I had no idea how honoured I was to be allowed to attend each lodge’s annual parade of wives in their ballgowns. Mrs Wood in claret velveteen, Eunice Everard in bottle-green taffeta, and Minnie Clarke in a suitably plain blue satin number she’d obviously knocked up specially for the occasion. I was unaware of the disapproval among the more conservative members who found a little boy’s attendance at such an occasion inappropriate. I should have spotted it. After all, these were the sort of men who thought a bunch of pale yellow carnations and a spray of asparagus fern were enough to disguise a six-foot porcelain trough and its hearty whiff of urine.
One early-spring chicken dinner was followed by strawberries and cream. The whipped cream piled high on the mounds of blatantly unripe strawberries found few takers on our table. ‘Hummmph. I knew they wouldn’t be ripe,’ chimed Eunice Everard, her face as sour as the berries that had promised so much on the copperplate menu. Dish after dish was passed down to the greedy little boy who could barely contain his excitement at such a feast. Soon, dishes of green-shouldered fruit were being passed over heads and across rows. ‘I bet you can’t eat them all,’ said some wag.
Coffee was served and everyone was getting up to leave the room and the little boy was still tucking in. It wasn’t the berries I was relishing. It was the gritty sugar and billowing cream with which the chef had smothered every bowl bar the one reserved for Mr Wood the diabetic.

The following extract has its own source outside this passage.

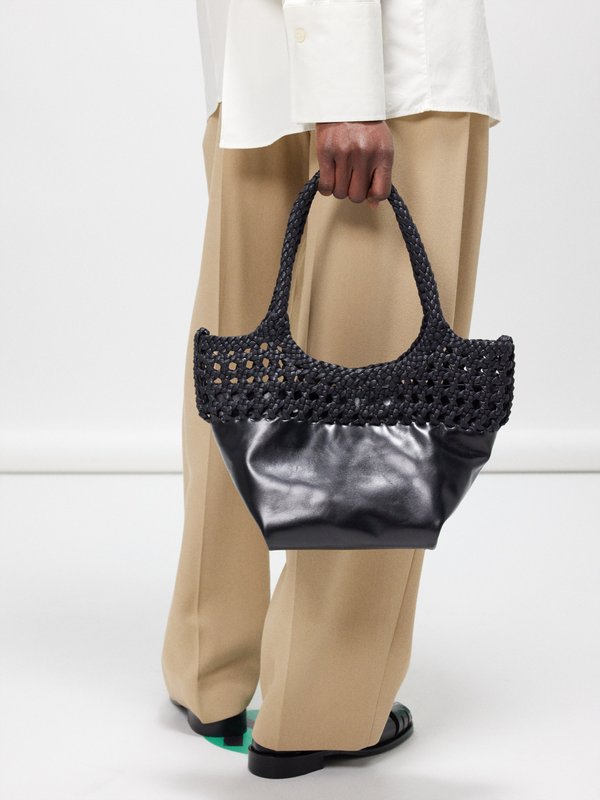 HEREU (Hereu) Elma woven cotton and leather handbag
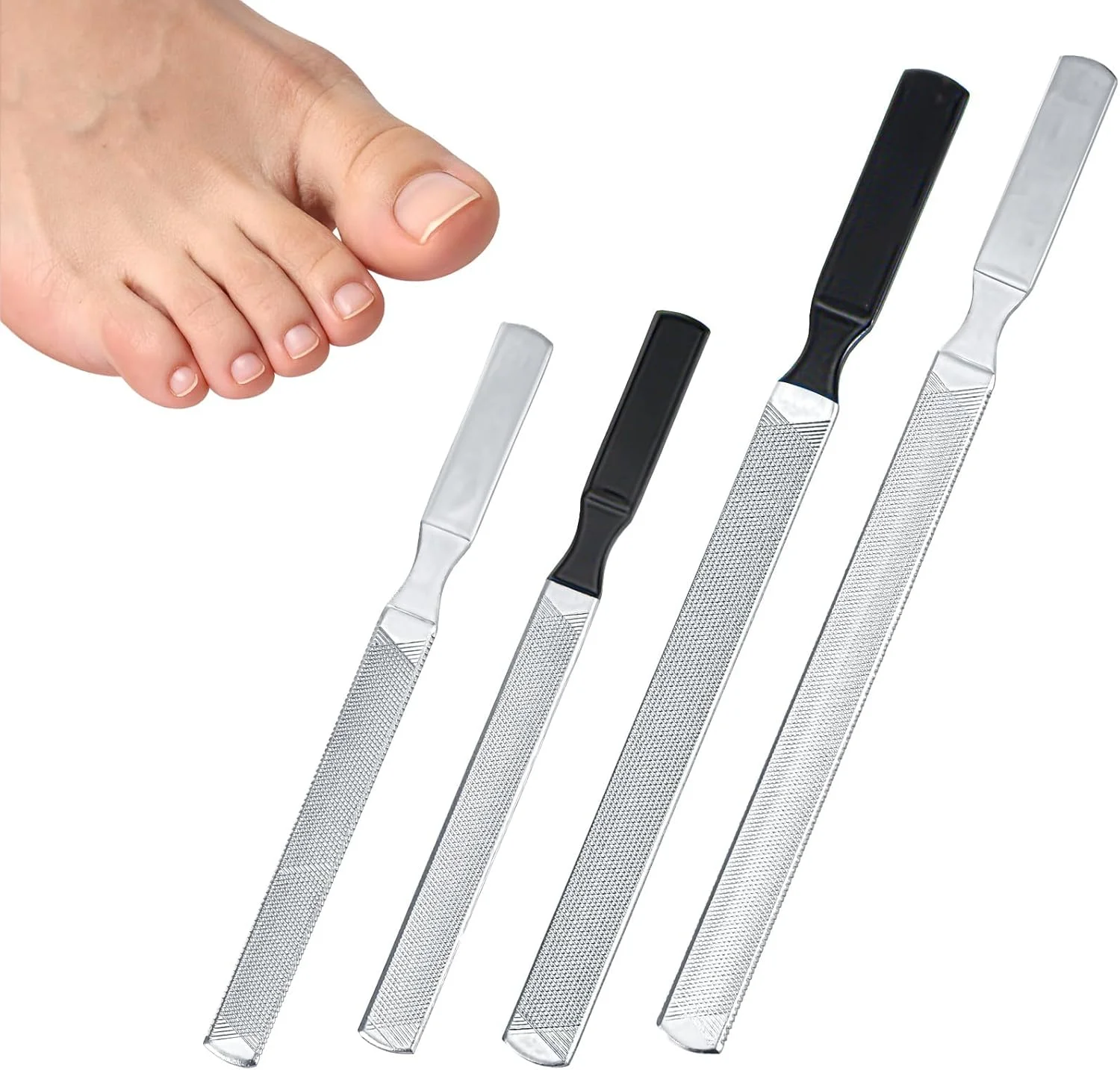 ۴ عدد سوهان ناخن فلزی قابل استفاده مجدد برای ناخن های ضخیم، سوهان ناخن حرفه ای ۴ طرفه با دسته مشکی، شیار بافت دار برای مراقبت از ناخن های اکریلیک طبیعی زنان، مردان و حیوانات خانگی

The waiters cleared the white cloths and the coffee cups. The bare wooden trestles they had been hiding were stacked in a corner, the room swept of sugar wrappers, ready for the arrival of the band and the dancing ladies. I was left in the middle, a private island of gluttony, stuffing away green strawberries like my life depended on it.
You can get an awful lot of vomit in a wash-hand basin. Even so, once the deep white sink was full, and the two closets occupied, there was nowhere to turn but the urinal.
We did the long drive home, me half asleep in the back of the Humber
. The heavy scent of vomit, strawberries and disgust filling the car. My father broke the silence just once. ‘You might have had the intelligence to pull the sink plug out first. Just think of the poor cleaner who’s got to dip their hand in that lot.’
The Dead Dog
‘Oh, I forgot to tell you, Mrs Potter phoned and said she can’t find her dog.’
My father glares at me. ‘When, when did she phone?’ I admit it was earlier that morning and I am sorry that I have forgotten to tell him. ‘You stupid, stupid little fool,’ he says, pacing to and fro across the kitchen floor. Then he gets in the car and drives off.
Later, he gives me a lecture about not forgetting to pass on important messages and tells me how he had found her dog dead, a group of men standing round it in the doorway of the pub wondering who it belonged to. How it had been hit by a car and how he had to go and break the news to her. Then he tells me it might not have happened if I had told him earlier. I feel thoroughly wretched about it but I can’t see why he’s making such a big deal of it. She’s only the cleaner.